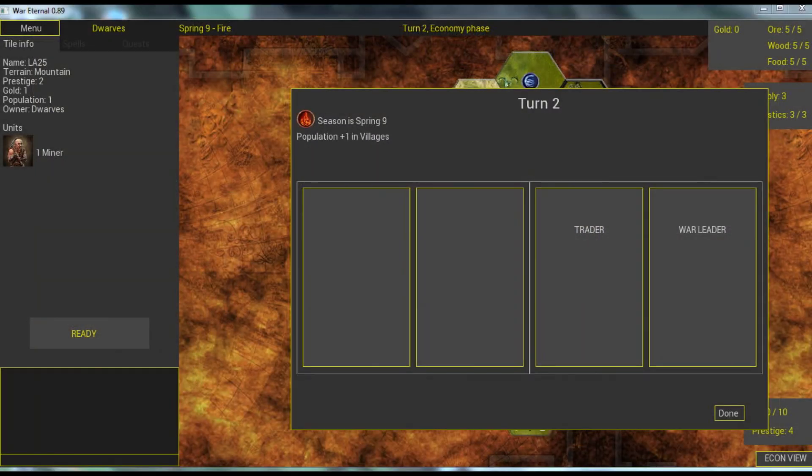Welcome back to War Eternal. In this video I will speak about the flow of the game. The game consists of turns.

* * *

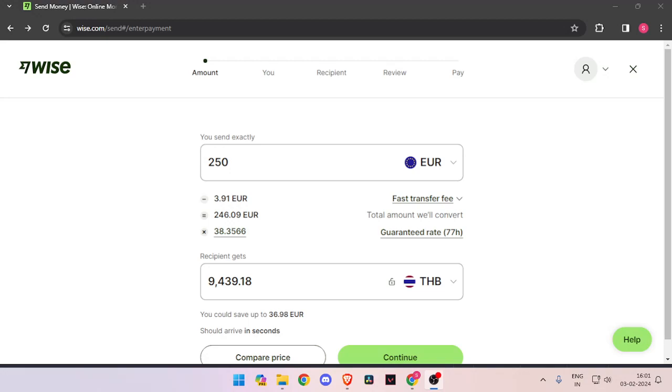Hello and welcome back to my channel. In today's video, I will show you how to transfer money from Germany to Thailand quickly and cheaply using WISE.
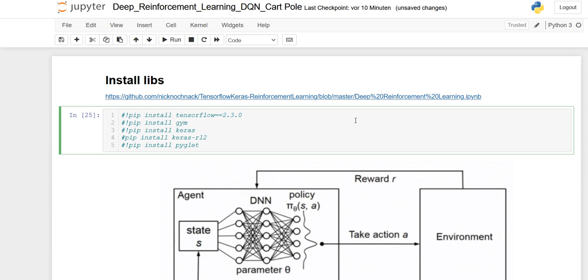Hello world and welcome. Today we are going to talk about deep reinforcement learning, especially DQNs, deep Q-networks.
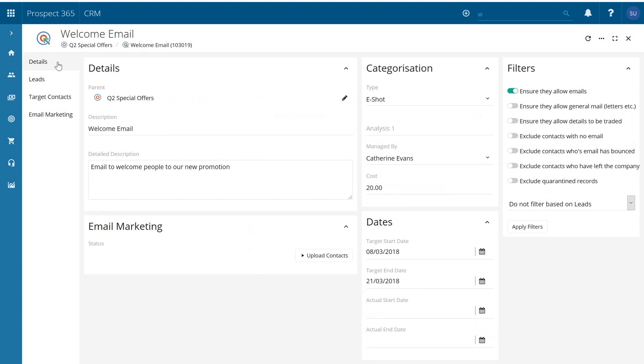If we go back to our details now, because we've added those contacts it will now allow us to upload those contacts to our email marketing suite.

==

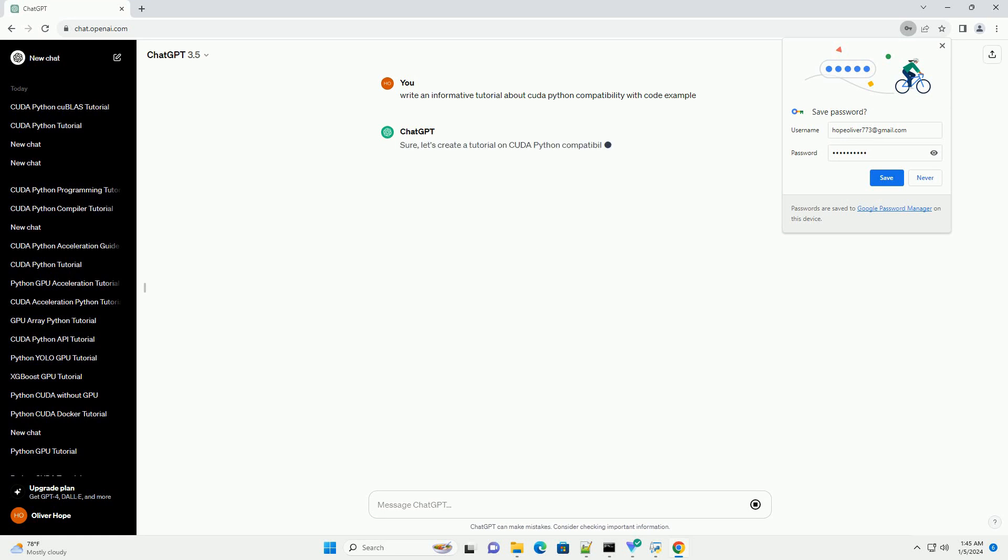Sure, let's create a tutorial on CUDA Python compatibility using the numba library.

EXERCISE DIRECTIONS: Those lines of the records above that run from the one containing "Hello world and" through the one containing "If we go back" should be returned exactly, with no pictures among them.

ANSWER BOX:
Hello world and welcome. Today we are going to talk about deep reinforcement learning, especially DQNs, deep Q-networks.
If we go back to our details now, because we've added those contacts it will now allow us to upload those contacts to our email marketing suite.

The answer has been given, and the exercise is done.